BEGIN

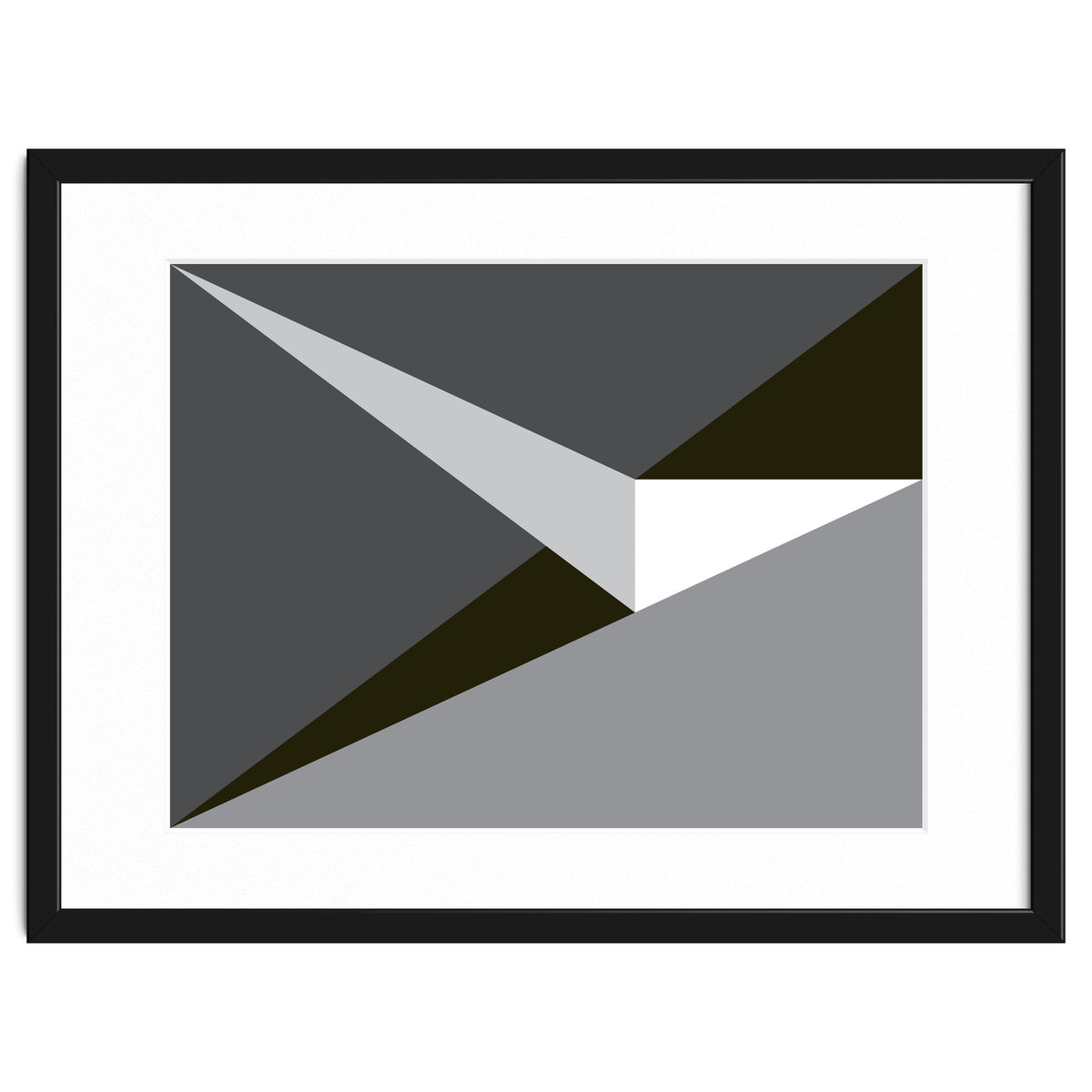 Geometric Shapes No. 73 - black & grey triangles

END
BEGIN

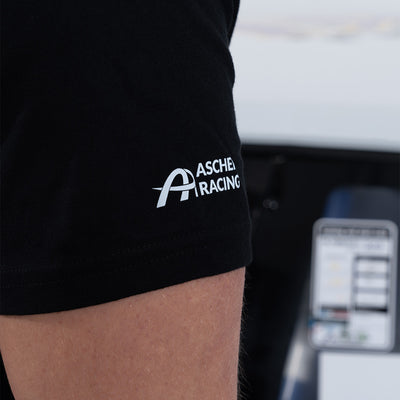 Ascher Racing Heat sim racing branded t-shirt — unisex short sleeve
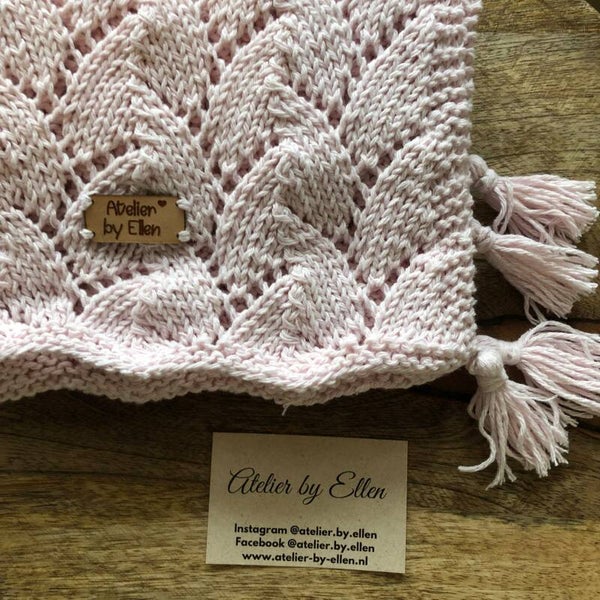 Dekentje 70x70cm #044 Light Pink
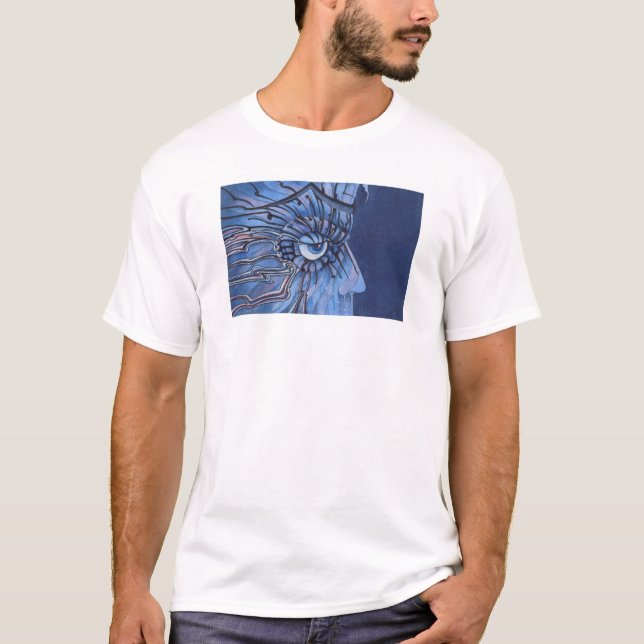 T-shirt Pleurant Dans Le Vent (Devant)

END

- Task prompt
Output only the lines above from the line that holds "Dekentje 70x70cm #044 Light Pink" through the line that holds "T-shirt Pleurant Dans Le Vent (Devant)", both ends included, and exclude pictures.

- Written response
 Dekentje 70x70cm #044 Light Pink
 T-shirt Pleurant Dans Le Vent (Devant)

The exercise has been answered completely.